Una volta raccolte tutte le domande pervenute le Province stileranno le graduatorie degli aventi diritto, secondo i criteri stabiliti dalla Regione.

Vi informo anche che è stato sottoscritto un accordo con Poste Italiane per l’utilizzo degli uffici postali, presenti in modo capillare sul territorio compreso i piccoli comuni, per distribuire i moduli e la guida per la compilazione, ritirare le domande inoltrate ai comuni capofila e ai municipi romani, effettuare la prima lettura elettronica dei moduli e successivamente trasmetterli alle Province. Infine, dopo la compilazione delle graduatorie dei beneficiari da parte delle Province, gli uffici postali provvederanno anche ad erogare l’assegno del Reddito Minimo Garantito. A giorni saranno disponibili sul sito www.portalavoro.regione.lazio.it il facsimile del modulo di presentazione delle domande e la guida alla compilazion.

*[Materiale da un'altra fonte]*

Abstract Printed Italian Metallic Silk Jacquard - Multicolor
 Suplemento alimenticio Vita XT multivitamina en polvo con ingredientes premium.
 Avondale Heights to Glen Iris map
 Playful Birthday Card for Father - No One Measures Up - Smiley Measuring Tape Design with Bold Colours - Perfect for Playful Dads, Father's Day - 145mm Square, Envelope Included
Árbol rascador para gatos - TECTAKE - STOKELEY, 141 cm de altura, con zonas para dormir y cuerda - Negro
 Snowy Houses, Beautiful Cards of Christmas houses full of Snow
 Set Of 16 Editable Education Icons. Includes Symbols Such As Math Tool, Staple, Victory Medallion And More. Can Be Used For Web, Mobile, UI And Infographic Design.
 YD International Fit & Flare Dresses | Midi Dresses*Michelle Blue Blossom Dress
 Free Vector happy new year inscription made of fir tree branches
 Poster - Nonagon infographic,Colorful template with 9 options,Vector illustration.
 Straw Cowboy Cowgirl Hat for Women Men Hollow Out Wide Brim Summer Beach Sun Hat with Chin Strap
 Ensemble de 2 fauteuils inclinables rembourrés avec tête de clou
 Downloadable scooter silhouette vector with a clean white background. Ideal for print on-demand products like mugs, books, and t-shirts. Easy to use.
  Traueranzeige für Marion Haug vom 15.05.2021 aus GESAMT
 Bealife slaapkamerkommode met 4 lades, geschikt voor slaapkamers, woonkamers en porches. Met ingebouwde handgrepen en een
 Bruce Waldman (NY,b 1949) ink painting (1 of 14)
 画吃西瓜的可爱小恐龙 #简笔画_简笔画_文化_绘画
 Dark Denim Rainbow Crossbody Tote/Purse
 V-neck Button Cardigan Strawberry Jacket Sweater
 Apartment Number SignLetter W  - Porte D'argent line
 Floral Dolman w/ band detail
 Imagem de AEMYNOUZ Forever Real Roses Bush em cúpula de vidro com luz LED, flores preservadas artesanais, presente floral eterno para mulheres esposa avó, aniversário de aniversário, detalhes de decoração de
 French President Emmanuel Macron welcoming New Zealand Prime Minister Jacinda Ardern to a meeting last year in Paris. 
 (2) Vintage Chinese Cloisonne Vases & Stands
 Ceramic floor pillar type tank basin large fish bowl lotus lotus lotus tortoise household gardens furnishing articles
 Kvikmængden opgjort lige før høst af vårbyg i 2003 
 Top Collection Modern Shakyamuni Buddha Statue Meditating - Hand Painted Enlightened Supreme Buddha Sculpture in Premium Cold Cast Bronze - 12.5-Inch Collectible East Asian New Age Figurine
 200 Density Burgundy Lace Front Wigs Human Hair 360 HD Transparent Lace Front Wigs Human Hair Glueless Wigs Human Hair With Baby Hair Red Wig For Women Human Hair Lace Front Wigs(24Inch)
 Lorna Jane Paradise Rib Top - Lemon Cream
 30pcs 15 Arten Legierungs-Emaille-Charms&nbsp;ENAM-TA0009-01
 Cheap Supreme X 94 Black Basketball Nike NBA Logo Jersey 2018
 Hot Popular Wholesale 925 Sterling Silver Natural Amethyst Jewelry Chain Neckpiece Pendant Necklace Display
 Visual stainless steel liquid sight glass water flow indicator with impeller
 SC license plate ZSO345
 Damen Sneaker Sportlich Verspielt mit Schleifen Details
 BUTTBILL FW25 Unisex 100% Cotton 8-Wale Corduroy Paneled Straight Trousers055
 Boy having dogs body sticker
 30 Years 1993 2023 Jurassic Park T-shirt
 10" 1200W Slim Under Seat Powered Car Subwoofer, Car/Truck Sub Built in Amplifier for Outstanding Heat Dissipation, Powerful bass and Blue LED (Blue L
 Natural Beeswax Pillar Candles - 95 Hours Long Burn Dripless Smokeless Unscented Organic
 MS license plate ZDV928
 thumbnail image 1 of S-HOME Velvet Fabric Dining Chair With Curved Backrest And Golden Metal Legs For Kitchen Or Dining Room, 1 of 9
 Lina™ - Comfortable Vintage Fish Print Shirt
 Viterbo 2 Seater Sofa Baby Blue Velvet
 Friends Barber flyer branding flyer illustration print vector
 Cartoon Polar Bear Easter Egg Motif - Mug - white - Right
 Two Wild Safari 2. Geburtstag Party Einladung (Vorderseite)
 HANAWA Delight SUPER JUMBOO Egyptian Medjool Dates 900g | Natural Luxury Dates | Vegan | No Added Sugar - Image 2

Ricordo che questa è solo una prima fase sperimentale della Legge sul Reddito garantito, al momento infatti  è accessibile esclusivamente  a  donne e uomini di età compresa tra i 30 e i 44 anni e con un reddito personale imponibile non superiore a 8.000 euro nell’anno precedente. Contiamo però, di poter allargare lo spettro di accessibilità e permettere a una fascia molto piu ampuia di cittadini della Regione di questo importante aiuto per tentare di fronteggiare la crisi, partendo però dalle fasce più deboli del mercato del lavoro.”